By: Pippa Green
Martin Wittenberg’s inaugural lecture at the University of Cape Town included a rare departure by an economics professor — the use of an animated video to illustrate inequality in South Africa.
It was adapted from a 1971 book, Income Distribution, by the Dutch economist Jan Pen, who used a graphic way to illustrate income inequality in the UK: he described what a line of people marching past would look like if their heights reflected their income. It was a march of many dwarves and a few giants.
For South Africa, the parade was even more startling. Using figures for per-capita household income in 1993, at the end of apartheid, and then again two decades later, Wittenberg took a man of average height, 1.8m, and represented the population in relation to that.
Apart from being an economics professor at UCT, Wittenberg, who died last week after a battle with cancer, was a former director of Data First, founded by the late labour economist and author Francis Wilson.
A former leader of the United Democratic Front (UDF) in the KwaZulu-Natal Midlands in the violent years of the 1980s, he was detained and restricted during the emergency. In the democratic era, he played a leading role in measuring South Africa’s widening inequality.
“Martin did excellent work on figuring out what is happening at the top end of the income distribution. Because the rich are less inclined to participate in surveys and might be more inclined to under-report their incomes, one needs to do tricky econometric work to try to get a full picture of the entire income distribution,” said Prof Ingrid Woolard, dean of the commerce faculty at Stellenbosch University and a member of the committee chaired by Judge Dennis Davis, which sat from 2013-2018 to examine the tax framework’s impact on inclusive growth.
Wittenberg ’s expertise in both econometrics and geography led him to help the Finance and Fiscal Commission in determining the “equitable – share” revenue -sharing formula.
“These calculations matter hugely in terms of ensuring that all local municipalities get their rightful slice of the pie, and Martin did world-class work that everyone could find credible and fair,” said Woolard.
Fastidious about numbers and facts, Wittenberg was married to the late science journalist Christina Scott, who was killed in a car accident in 2011.
The contrast between their professions amused the economist: “You think in headlines, I think in footnotes,” he once told her, recalled his sister, Reinhild Vogel.
Wittenberg ’s research into inequality was path-breaking.
In his South African version of Pen’s parade, he showed an image of himself (the “average” man) standing on a field in front of Table Mountain as a steady stream of people march past him. The parade — an hour long— is an extraordinary illustration of income inequality.
It takes one minute for 650,000 people, who have so little income they don’t even reach his shoelaces, to come past. By halfway — 30 minutes — they only reach his thighs and some 19-million have gone past. It takes 46 minutes — and 30-million people— for the marchers to reach “average” size and therefore average income.

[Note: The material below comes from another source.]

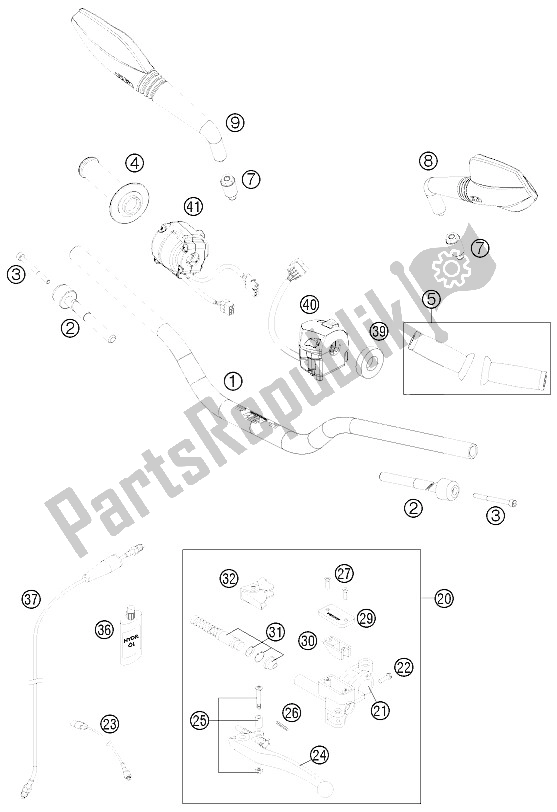 All parts for the Handlebar, Controls of the KTM 690 Duke Black CKD Malaysia 2012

Then, as slowly as it takes the dwarves to grow, as suddenly do giants rocket. In the last two minutes they are the height of a four-storey building and in the last minute a few giants as tall as Table Mountain flash past.
This was the parade based on 1993 data. In 2012, when Wittenberg did his calculations again, there was little change, except that the dwarves at the start are slightly bigger (due to social grants) and the giants, which now include more black people, are taller than Table Mountain.
Most South Africans — except the very poor — incorrectly cast themselves as “average” in terms of their income. But the reality is, Wittenberg said, that university professors and other professionals are actually in the top 3.5% of the income distribution. “Why do people get it so wrong?” he asked. Partly it is because of the spatial apartheid that still exists — suburban people don’t “see” those who live in townships, urban people don’t see those in rural areas, especially the old apartheid “homelands”.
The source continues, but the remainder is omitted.